◆ **INFORMATION PROVIDED**
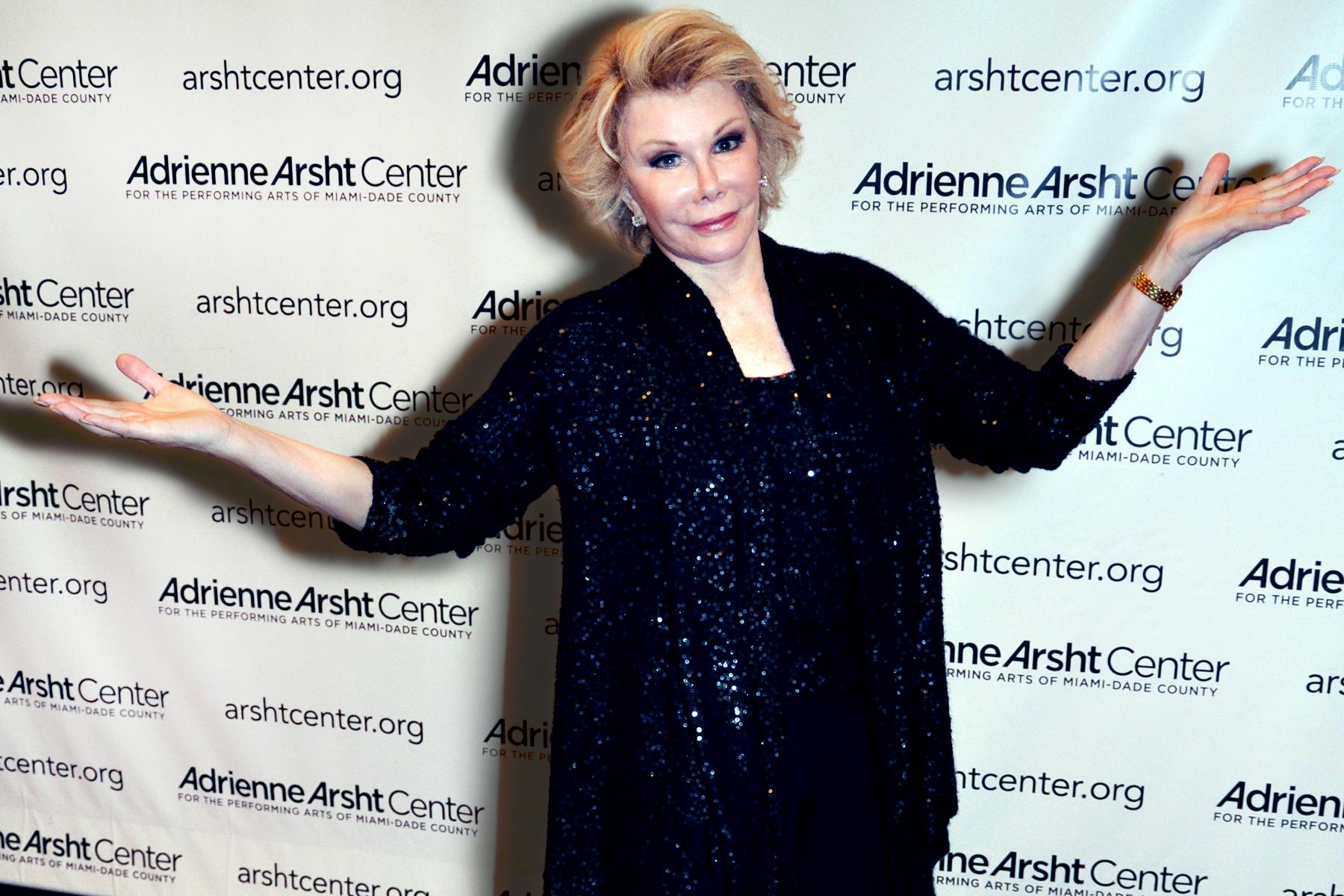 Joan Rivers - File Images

...

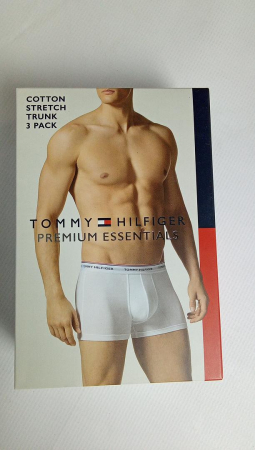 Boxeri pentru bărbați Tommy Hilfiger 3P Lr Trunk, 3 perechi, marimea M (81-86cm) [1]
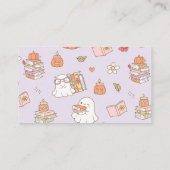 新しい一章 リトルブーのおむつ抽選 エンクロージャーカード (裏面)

◆ **WHAT YOU HAVE TO DO**
Beginning with the line that contains "Boxeri pentru bărbați", write out the lines of the material above exactly, and end with the line that contains "新しい一章 リトルブーのおむつ抽選 エンクロージャーカード (裏面)". Omit the pictures.

◆ **SOLUTION BELOW**
 Boxeri pentru bărbați Tommy Hilfiger 3P Lr Trunk, 3 perechi, marimea M (81-86cm) [1]
 新しい一章 リトルブーのおむつ抽選 エンクロージャーカード (裏面)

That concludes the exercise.